#### Assignment
From the material below, please set down exactly the lines starting with the one with "6 tassen 6 onderzetbordjes" and going on through the one with "989 Beatty Street #305", without a single picture.

#### Record excerpts
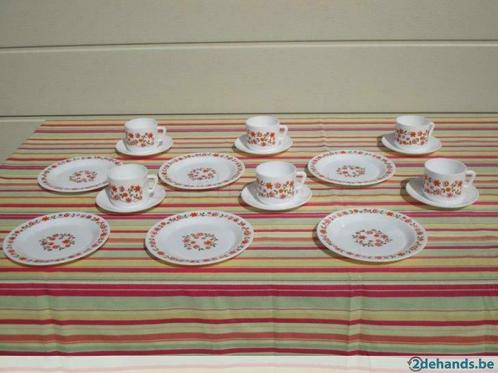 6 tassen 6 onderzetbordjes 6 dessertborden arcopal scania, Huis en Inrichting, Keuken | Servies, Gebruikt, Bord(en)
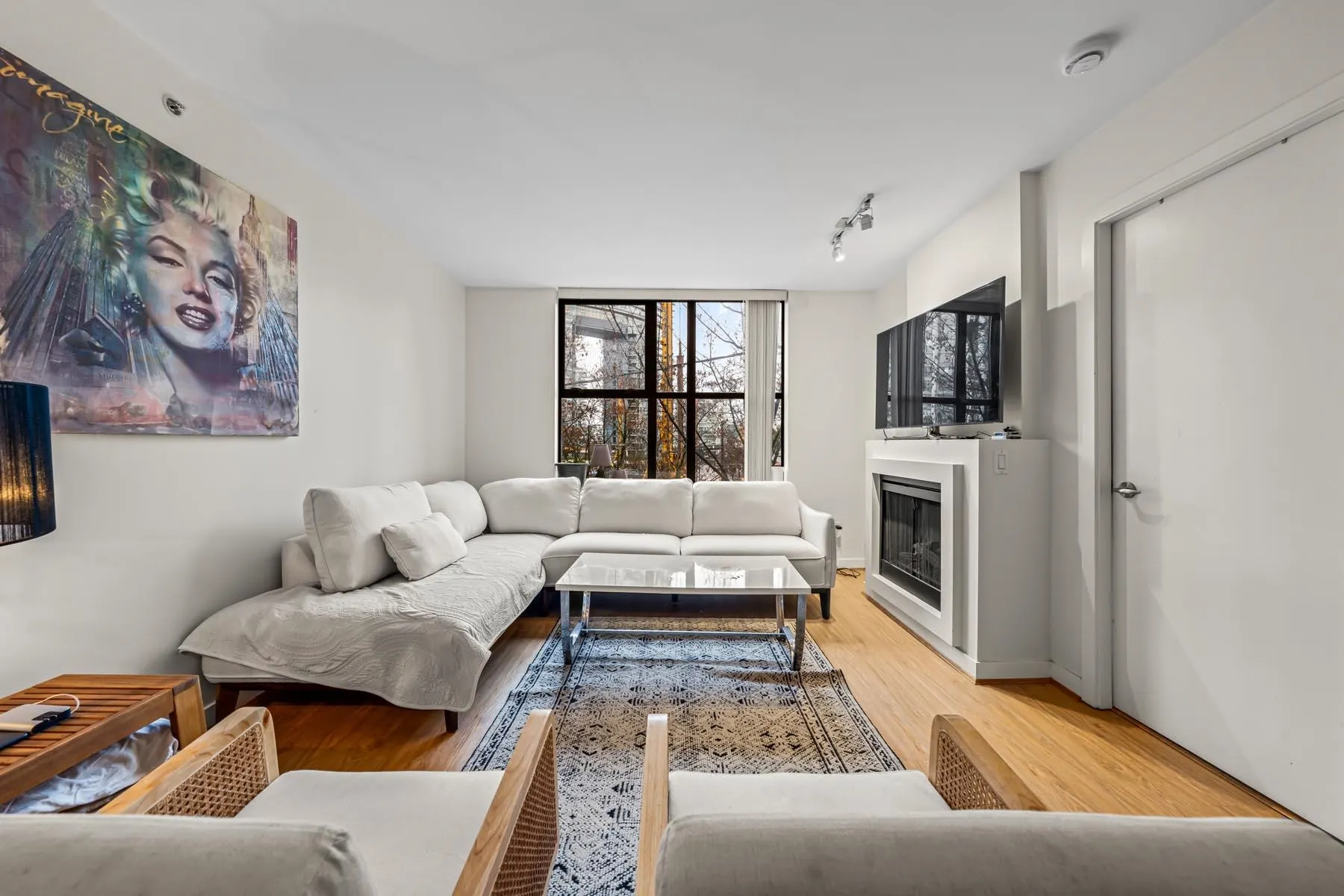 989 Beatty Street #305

---

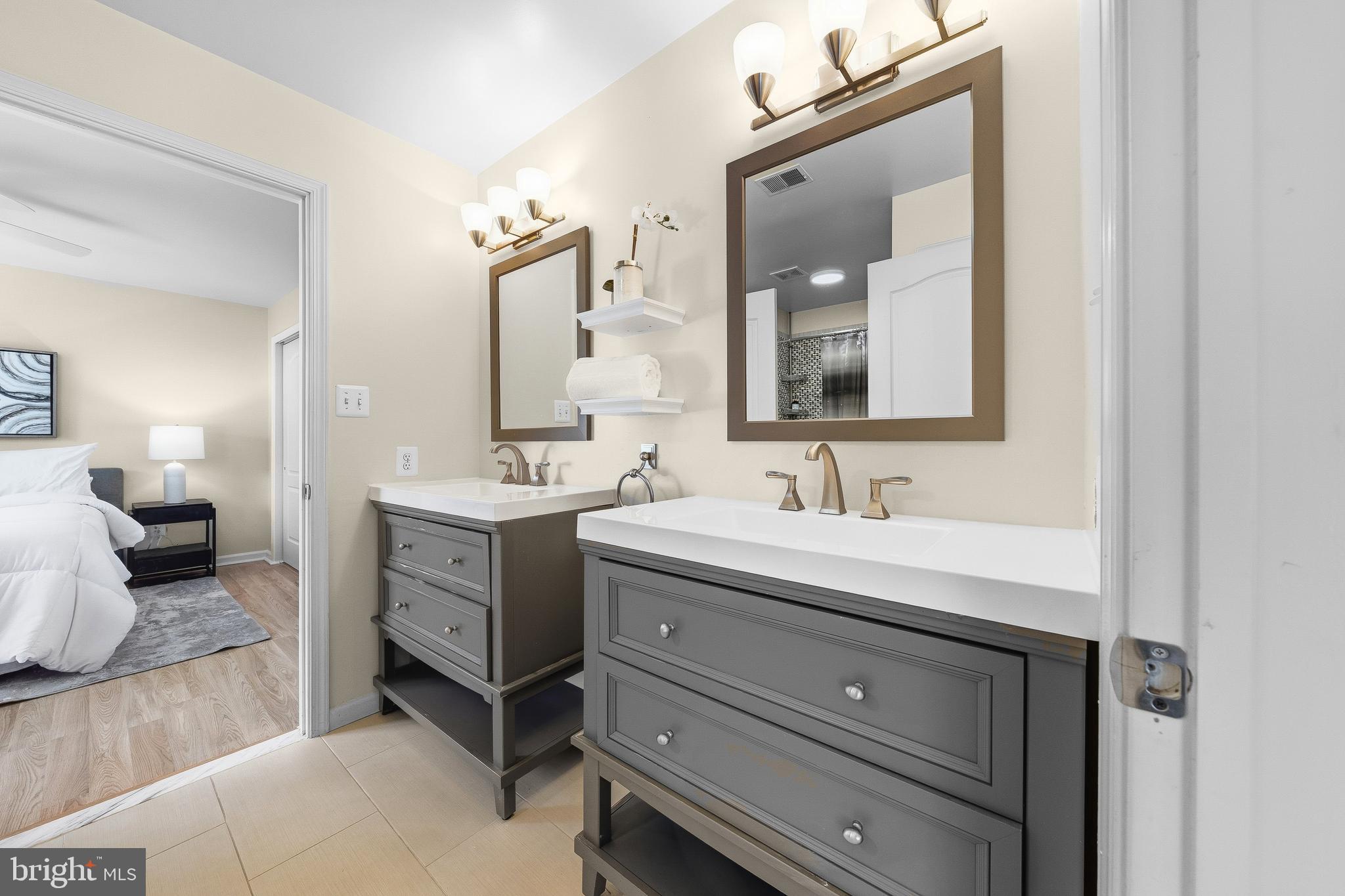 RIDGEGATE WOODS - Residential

#### Your solution
 6 tassen 6 onderzetbordjes 6 dessertborden arcopal scania, Huis en Inrichting, Keuken | Servies, Gebruikt, Bord(en)
 989 Beatty Street #305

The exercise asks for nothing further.